The synchronization framework explicitly describes dependencies between
different asynchronous operations in the Android graphics system. The framework
provides an API that enables components to indicate when buffers are released. The framework also
allows synchronization primitives to be passed between drivers from the kernel
to userspace and between userspace processes themselves.
For example, an application may queue up work to be performed in the GPU.
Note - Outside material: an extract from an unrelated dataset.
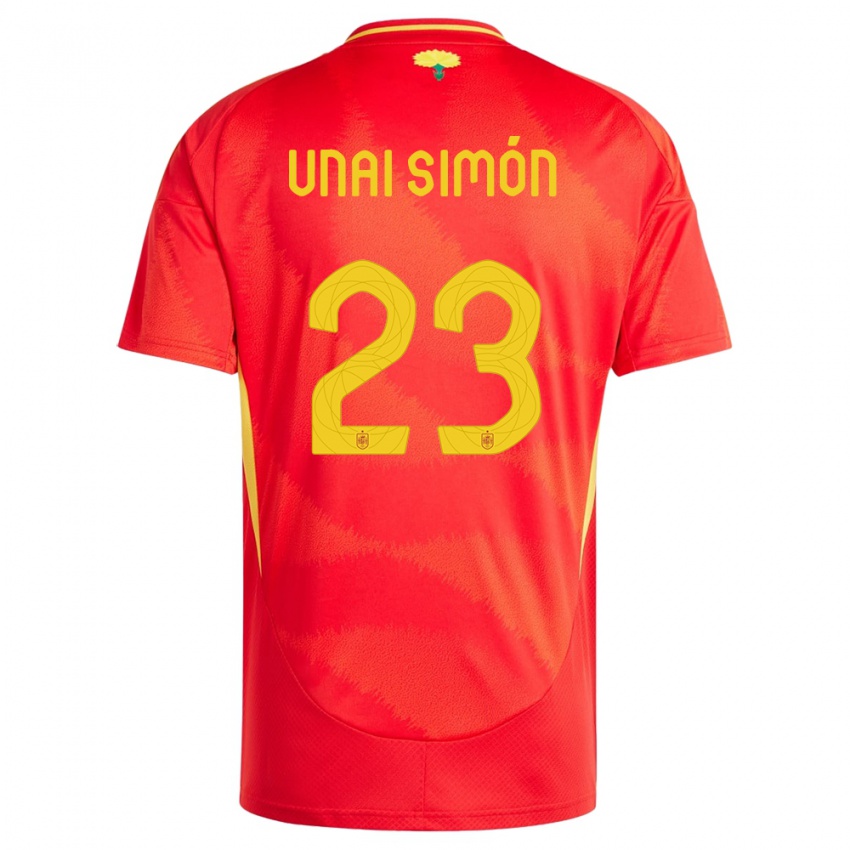 Női Spanyolország Unai Simon #23 Piros Hazai Jersey 24-26 Mez Póló Ing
The GPU starts drawing that image. Although the image hasn’t been drawn
into memory yet, the buffer pointer is passed to the window
compositor along with a fence that indicates when the GPU work will
finish. The window compositor starts processing ahead of time and
passes the work to the display controller. In a similar manner, the CPU work
is done ahead of time. Once the GPU finishes, the display controller
immediately displays the image.
The synchronization framework also lets implementers leverage
synchronization resources in their own hardware components. Finally, the
framework provides visibility into the graphics pipeline to help with
debugging.
Explicit synchronization
Explicit synchronization enables producers and consumers of graphics buffers
to signal when they're finished using a buffer. Explicit synchronization is
implemented in kernel-space.
The benefits of explicit synchronization include:
- Less behavior variation between devices
- Better debugging support
- Improved testing metrics
The sync framework has three object types:
sync_timeline
sync_pt
sync_fence
sync_timeline
sync_timeline
is a monotonically increasing timeline that
vendors should implement for each driver instance, such as a GL context,
display controller, or 2D blitter.
sync_timeline
counts
jobs submitted to the kernel for a particular piece of hardware.
sync_timeline
provides guarantees about the order of operations
and enables hardware-specific implementations.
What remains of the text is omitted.